▸ **Task directions**
Each line of the data needs to be transcribed exactly.

▸ **Information shown**

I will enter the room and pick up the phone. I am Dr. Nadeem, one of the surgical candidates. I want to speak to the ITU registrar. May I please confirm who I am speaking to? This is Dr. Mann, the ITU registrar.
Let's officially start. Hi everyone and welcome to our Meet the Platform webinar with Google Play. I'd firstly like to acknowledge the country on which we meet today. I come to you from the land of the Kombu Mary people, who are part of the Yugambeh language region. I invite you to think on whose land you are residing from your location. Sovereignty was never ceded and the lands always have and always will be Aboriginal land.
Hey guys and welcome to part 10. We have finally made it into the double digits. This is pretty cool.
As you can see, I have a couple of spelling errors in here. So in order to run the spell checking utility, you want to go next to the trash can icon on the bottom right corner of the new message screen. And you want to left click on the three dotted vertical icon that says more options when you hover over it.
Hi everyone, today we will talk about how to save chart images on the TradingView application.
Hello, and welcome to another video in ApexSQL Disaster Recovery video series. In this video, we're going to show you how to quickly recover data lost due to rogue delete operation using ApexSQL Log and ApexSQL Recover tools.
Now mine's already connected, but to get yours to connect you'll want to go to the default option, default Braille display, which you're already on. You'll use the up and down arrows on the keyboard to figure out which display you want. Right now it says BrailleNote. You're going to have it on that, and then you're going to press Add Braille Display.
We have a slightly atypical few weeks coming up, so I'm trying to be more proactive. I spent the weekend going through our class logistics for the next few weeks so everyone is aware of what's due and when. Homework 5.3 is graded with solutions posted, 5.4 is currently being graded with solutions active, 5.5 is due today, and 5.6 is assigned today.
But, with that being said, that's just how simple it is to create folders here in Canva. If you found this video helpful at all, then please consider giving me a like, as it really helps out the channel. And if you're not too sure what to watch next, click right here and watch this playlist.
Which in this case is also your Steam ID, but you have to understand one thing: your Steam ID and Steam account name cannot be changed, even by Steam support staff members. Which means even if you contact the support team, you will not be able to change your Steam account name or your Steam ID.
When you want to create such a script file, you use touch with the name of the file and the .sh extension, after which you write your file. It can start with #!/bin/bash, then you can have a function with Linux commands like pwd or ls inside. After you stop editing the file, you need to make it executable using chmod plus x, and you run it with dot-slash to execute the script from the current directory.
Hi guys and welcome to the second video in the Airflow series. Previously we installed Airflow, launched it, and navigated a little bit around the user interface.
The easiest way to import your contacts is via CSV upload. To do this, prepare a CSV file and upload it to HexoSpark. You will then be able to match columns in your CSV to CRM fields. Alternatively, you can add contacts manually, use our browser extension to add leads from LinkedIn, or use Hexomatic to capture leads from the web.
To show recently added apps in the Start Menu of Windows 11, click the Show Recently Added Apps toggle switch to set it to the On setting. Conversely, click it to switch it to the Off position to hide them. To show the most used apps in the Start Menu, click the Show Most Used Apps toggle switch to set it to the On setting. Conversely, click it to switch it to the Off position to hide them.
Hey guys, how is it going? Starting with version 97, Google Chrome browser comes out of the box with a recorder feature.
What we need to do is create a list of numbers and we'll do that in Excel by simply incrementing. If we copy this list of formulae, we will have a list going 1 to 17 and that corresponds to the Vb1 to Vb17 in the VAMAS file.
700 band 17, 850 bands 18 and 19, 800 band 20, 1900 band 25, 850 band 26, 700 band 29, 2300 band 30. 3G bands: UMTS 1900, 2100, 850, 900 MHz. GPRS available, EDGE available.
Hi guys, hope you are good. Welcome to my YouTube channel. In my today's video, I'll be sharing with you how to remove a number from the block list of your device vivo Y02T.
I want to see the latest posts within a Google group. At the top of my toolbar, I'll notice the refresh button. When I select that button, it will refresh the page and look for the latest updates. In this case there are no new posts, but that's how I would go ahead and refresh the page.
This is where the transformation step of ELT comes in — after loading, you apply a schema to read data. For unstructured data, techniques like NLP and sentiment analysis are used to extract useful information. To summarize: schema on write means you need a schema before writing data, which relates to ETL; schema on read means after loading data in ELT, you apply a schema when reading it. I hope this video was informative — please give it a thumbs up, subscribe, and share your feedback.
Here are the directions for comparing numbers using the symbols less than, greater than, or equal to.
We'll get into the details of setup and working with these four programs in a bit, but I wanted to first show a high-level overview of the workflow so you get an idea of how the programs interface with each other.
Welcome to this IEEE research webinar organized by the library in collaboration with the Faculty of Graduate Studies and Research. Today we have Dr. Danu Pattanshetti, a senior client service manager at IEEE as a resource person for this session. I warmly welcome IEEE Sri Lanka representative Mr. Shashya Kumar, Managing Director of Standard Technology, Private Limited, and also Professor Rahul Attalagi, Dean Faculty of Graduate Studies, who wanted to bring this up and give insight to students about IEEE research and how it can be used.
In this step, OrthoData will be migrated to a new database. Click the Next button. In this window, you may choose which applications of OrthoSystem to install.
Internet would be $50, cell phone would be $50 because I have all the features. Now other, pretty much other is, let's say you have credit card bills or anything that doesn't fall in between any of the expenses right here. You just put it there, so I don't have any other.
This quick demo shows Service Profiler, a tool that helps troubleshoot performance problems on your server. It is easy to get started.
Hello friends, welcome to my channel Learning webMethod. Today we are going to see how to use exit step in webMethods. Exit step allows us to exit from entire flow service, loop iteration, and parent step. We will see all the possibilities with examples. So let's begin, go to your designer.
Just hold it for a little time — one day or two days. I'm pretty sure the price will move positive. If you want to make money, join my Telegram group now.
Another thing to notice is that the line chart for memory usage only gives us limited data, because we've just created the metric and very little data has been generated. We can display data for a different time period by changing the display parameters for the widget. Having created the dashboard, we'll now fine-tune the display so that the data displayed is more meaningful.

▸ **Final answer**
I will enter the room and pick up the phone. I am Dr. Nadeem, one of the surgical candidates. I want to speak to the ITU registrar. May I please confirm who I am speaking to? This is Dr. Mann, the ITU registrar.
Let's officially start. Hi everyone and welcome to our Meet the Platform webinar with Google Play. I'd firstly like to acknowledge the country on which we meet today. I come to you from the land of the Kombu Mary people, who are part of the Yugambeh language region. I invite you to think on whose land you are residing from your location. Sovereignty was never ceded and the lands always have and always will be Aboriginal land.
Hey guys and welcome to part 10. We have finally made it into the double digits. This is pretty cool.
As you can see, I have a couple of spelling errors in here. So in order to run the spell checking utility, you want to go next to the trash can icon on the bottom right corner of the new message screen. And you want to left click on the three dotted vertical icon that says more options when you hover over it.
Hi everyone, today we will talk about how to save chart images on the TradingView application.
Hello, and welcome to another video in ApexSQL Disaster Recovery video series. In this video, we're going to show you how to quickly recover data lost due to rogue delete operation using ApexSQL Log and ApexSQL Recover tools.
Now mine's already connected, but to get yours to connect you'll want to go to the default option, default Braille display, which you're already on. You'll use the up and down arrows on the keyboard to figure out which display you want. Right now it says BrailleNote. You're going to have it on that, and then you're going to press Add Braille Display.
We have a slightly atypical few weeks coming up, so I'm trying to be more proactive. I spent the weekend going through our class logistics for the next few weeks so everyone is aware of what's due and when. Homework 5.3 is graded with solutions posted, 5.4 is currently being graded with solutions active, 5.5 is due today, and 5.6 is assigned today.
But, with that being said, that's just how simple it is to create folders here in Canva. If you found this video helpful at all, then please consider giving me a like, as it really helps out the channel. And if you're not too sure what to watch next, click right here and watch this playlist.
Which in this case is also your Steam ID, but you have to understand one thing: your Steam ID and Steam account name cannot be changed, even by Steam support staff members. Which means even if you contact the support team, you will not be able to change your Steam account name or your Steam ID.
When you want to create such a script file, you use touch with the name of the file and the .sh extension, after which you write your file. It can start with #!/bin/bash, then you can have a function with Linux commands like pwd or ls inside. After you stop editing the file, you need to make it executable using chmod plus x, and you run it with dot-slash to execute the script from the current directory.
Hi guys and welcome to the second video in the Airflow series. Previously we installed Airflow, launched it, and navigated a little bit around the user interface.
The easiest way to import your contacts is via CSV upload. To do this, prepare a CSV file and upload it to HexoSpark. You will then be able to match columns in your CSV to CRM fields. Alternatively, you can add contacts manually, use our browser extension to add leads from LinkedIn, or use Hexomatic to capture leads from the web.
To show recently added apps in the Start Menu of Windows 11, click the Show Recently Added Apps toggle switch to set it to the On setting. Conversely, click it to switch it to the Off position to hide them. To show the most used apps in the Start Menu, click the Show Most Used Apps toggle switch to set it to the On setting. Conversely, click it to switch it to the Off position to hide them.
Hey guys, how is it going? Starting with version 97, Google Chrome browser comes out of the box with a recorder feature.
What we need to do is create a list of numbers and we'll do that in Excel by simply incrementing. If we copy this list of formulae, we will have a list going 1 to 17 and that corresponds to the Vb1 to Vb17 in the VAMAS file.
700 band 17, 850 bands 18 and 19, 800 band 20, 1900 band 25, 850 band 26, 700 band 29, 2300 band 30. 3G bands: UMTS 1900, 2100, 850, 900 MHz. GPRS available, EDGE available.
Hi guys, hope you are good. Welcome to my YouTube channel. In my today's video, I'll be sharing with you how to remove a number from the block list of your device vivo Y02T.
I want to see the latest posts within a Google group. At the top of my toolbar, I'll notice the refresh button. When I select that button, it will refresh the page and look for the latest updates. In this case there are no new posts, but that's how I would go ahead and refresh the page.
This is where the transformation step of ELT comes in — after loading, you apply a schema to read data. For unstructured data, techniques like NLP and sentiment analysis are used to extract useful information. To summarize: schema on write means you need a schema before writing data, which relates to ETL; schema on read means after loading data in ELT, you apply a schema when reading it. I hope this video was informative — please give it a thumbs up, subscribe, and share your feedback.
Here are the directions for comparing numbers using the symbols less than, greater than, or equal to.
We'll get into the details of setup and working with these four programs in a bit, but I wanted to first show a high-level overview of the workflow so you get an idea of how the programs interface with each other.
Welcome to this IEEE research webinar organized by the library in collaboration with the Faculty of Graduate Studies and Research. Today we have Dr. Danu Pattanshetti, a senior client service manager at IEEE as a resource person for this session. I warmly welcome IEEE Sri Lanka representative Mr. Shashya Kumar, Managing Director of Standard Technology, Private Limited, and also Professor Rahul Attalagi, Dean Faculty of Graduate Studies, who wanted to bring this up and give insight to students about IEEE research and how it can be used.
In this step, OrthoData will be migrated to a new database. Click the Next button. In this window, you may choose which applications of OrthoSystem to install.
Internet would be $50, cell phone would be $50 because I have all the features. Now other, pretty much other is, let's say you have credit card bills or anything that doesn't fall in between any of the expenses right here. You just put it there, so I don't have any other.
This quick demo shows Service Profiler, a tool that helps troubleshoot performance problems on your server. It is easy to get started.
Hello friends, welcome to my channel Learning webMethod. Today we are going to see how to use exit step in webMethods. Exit step allows us to exit from entire flow service, loop iteration, and parent step. We will see all the possibilities with examples. So let's begin, go to your designer.
Just hold it for a little time — one day or two days. I'm pretty sure the price will move positive. If you want to make money, join my Telegram group now.
Another thing to notice is that the line chart for memory usage only gives us limited data, because we've just created the metric and very little data has been generated. We can display data for a different time period by changing the display parameters for the widget. Having created the dashboard, we'll now fine-tune the display so that the data displayed is more meaningful.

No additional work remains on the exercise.